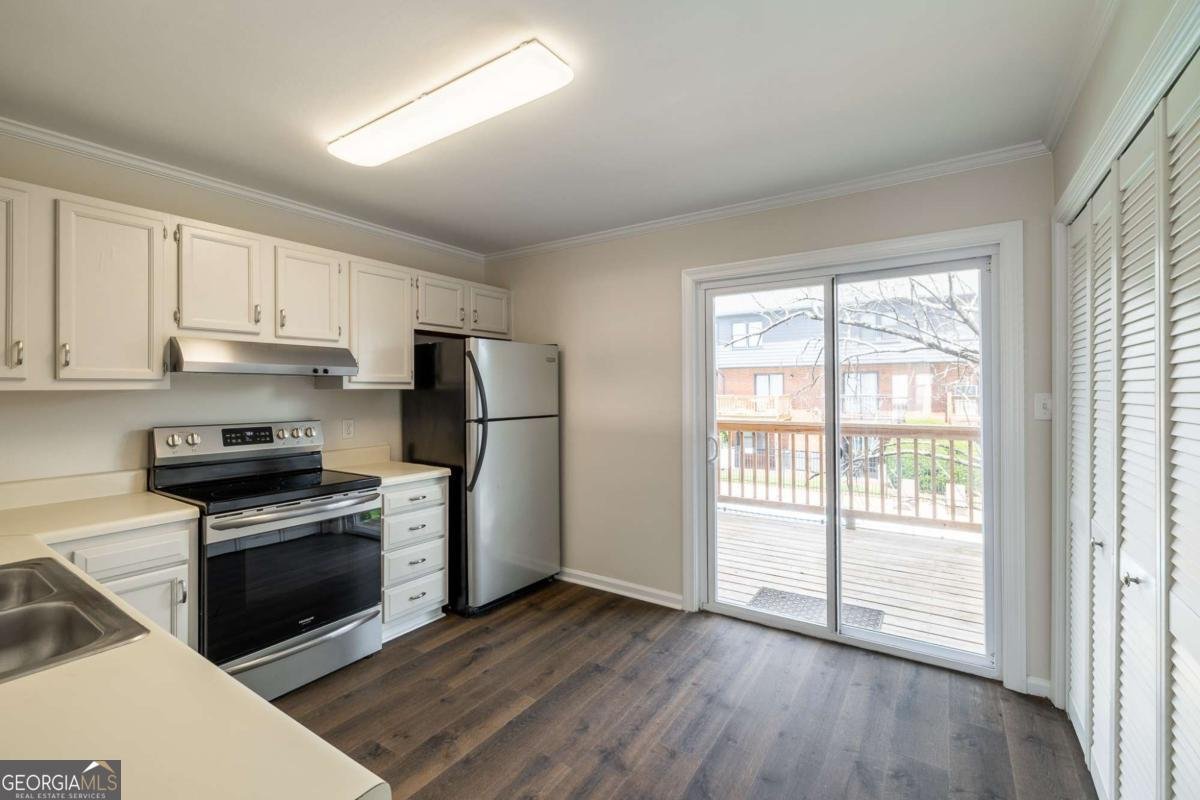 550 Dearing Street Athens - Photo 14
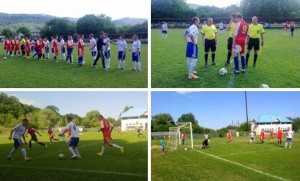 150712-Kosiv-Putyla-match-Frankivsjk-sportbuk.com (15)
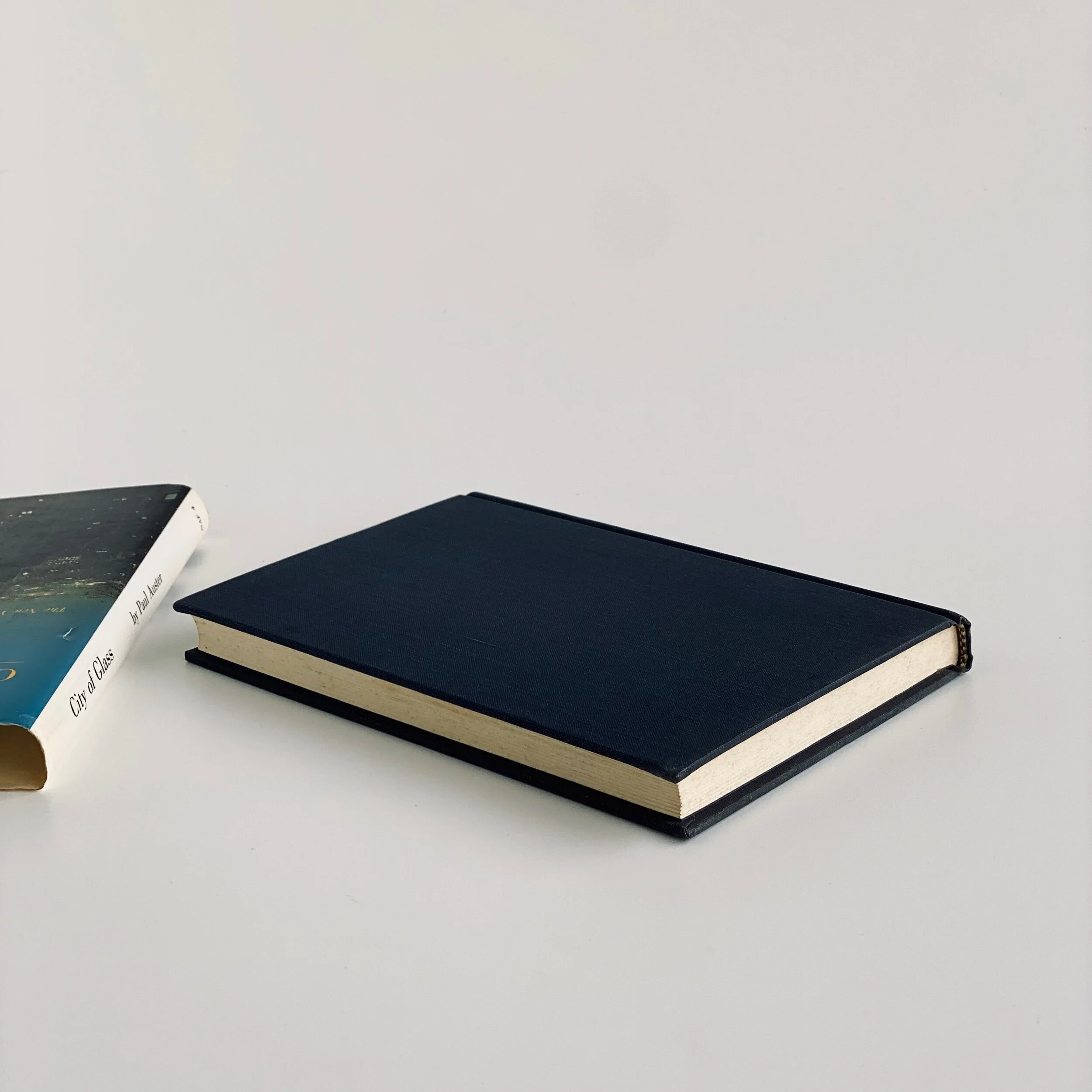 50F88063-B62E-4E34-93C5-F28B5FBAFA76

- Exercise details
Keep pictures out and return the lines from the one containing "150712-Kosiv-Putyla-match-Frankivsjk-sportbuk.com (15)" through the end of the listing, both included, character for character.

- Finished exercise
 150712-Kosiv-Putyla-match-Frankivsjk-sportbuk.com (15)
 50F88063-B62E-4E34-93C5-F28B5FBAFA76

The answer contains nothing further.